OTMA and IMS-to-IMS TCP/IP communications
For OTMA, a TCP/IP connection between two IMS Connect instances completes a one-way path for sending OTMA transaction messages asynchronously from a local sending IMS system to a remote receiving IMS system.
Any responses generated by the remote IMS system are queued to a tpipe hold queue in the remote IMS system for asynchronous retrieval.
To define an IMS-to-IMS TCP/IP communications path for OTMA, you must code the following items in the IMS Connect and IMS instances at each side of the connection:
- In the sending IMS Connect, the IMS Connect configuration statements, including the RMTIMSCON statement, which is required for IMS-to-IMS TCP/IP communications, and the DATASTORE statement, which is required for communication between IMS Connect and OTMA.

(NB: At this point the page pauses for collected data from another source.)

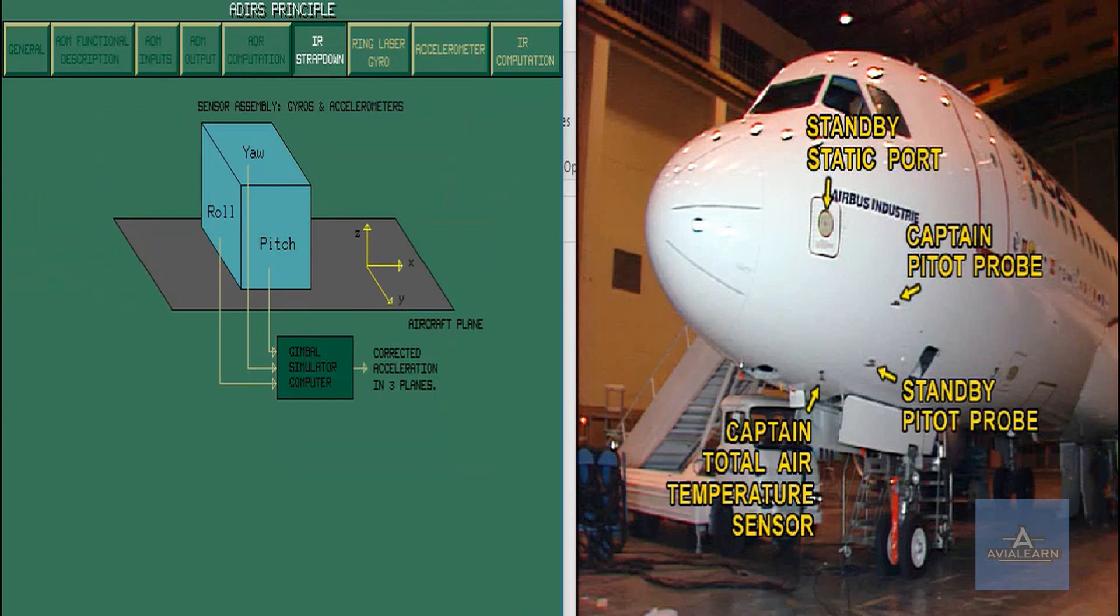In a strapped-down Inertial Reference System, the gyros and accelerometers are solidly attached to the aircraft structure.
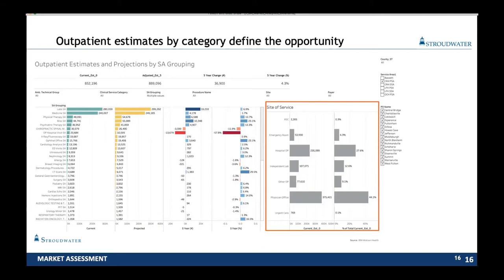The other piece when looking at outpatient opportunities is where are things being done today — the breakdown of site of service: ambulatory surgery center, ED, hospital outpatient, independent lab, other outpatient, physician office, or urgent care. For all 852,196 things up here, as we drill down into individual service lines, these bars will change substantially. If I looked at ED visits, the vast majority occur in the emergency room. We see 12,900 ED visits in current year, yet we see 53,930 things done in the ED site of service — because there are many things done as a result of being in the emergency department: laceration repair, X-ray, labs, all showing up under that site of service location.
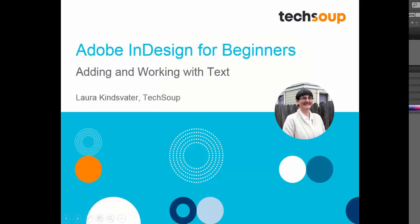That's it for this module. Now you know how to use the text tool and how to insert and manipulate text on your document.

- In IMS, either the OTMA destination descriptor in the DFSYDTx member of the IMS.PROCLIB data set or the OTMA User Data Formatting exit routine (DFSYDRU0).
Security for the TCP/IP connection can be implemented by using the optional RACF® PassTicket support. Transaction authorization can also be implemented in the IMS system.

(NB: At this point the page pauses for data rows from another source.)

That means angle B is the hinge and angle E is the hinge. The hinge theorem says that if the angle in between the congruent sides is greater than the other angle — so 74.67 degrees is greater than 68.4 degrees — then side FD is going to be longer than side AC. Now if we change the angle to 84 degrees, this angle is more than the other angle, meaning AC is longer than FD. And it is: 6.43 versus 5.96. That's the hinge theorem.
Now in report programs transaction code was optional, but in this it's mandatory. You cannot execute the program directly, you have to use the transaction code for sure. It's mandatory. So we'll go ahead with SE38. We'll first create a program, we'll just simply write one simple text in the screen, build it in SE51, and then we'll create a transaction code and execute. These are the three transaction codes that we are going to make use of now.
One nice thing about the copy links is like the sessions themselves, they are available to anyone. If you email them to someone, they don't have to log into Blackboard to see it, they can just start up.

OTMA requires the RMTIMSCON statement in only the IMS Connect instance that sends messages on the TCP/IP connection.
OTMA sends transaction messages across IMS TCP/IP connections using commit mode 0 and the send-only with acknowledgment protocol. Any responses generated at the remote IMS system to the OTMA transaction messages are queued to a tpipe hold queue for asynchronous retrieval.
You can define a separate TCP/IP connection to return responses back to their originating IMS system; however, the responses must be sent back to the originating IMS system as new transactions for the originating system and the correlation of responses to their original transaction must be managed by your installation.
In IMS Connect, you can monitor, stop, and restart the TCP/IP connections by using IMS Connect WTOR, z/OS® MODIFY, or IMS type-2 commands.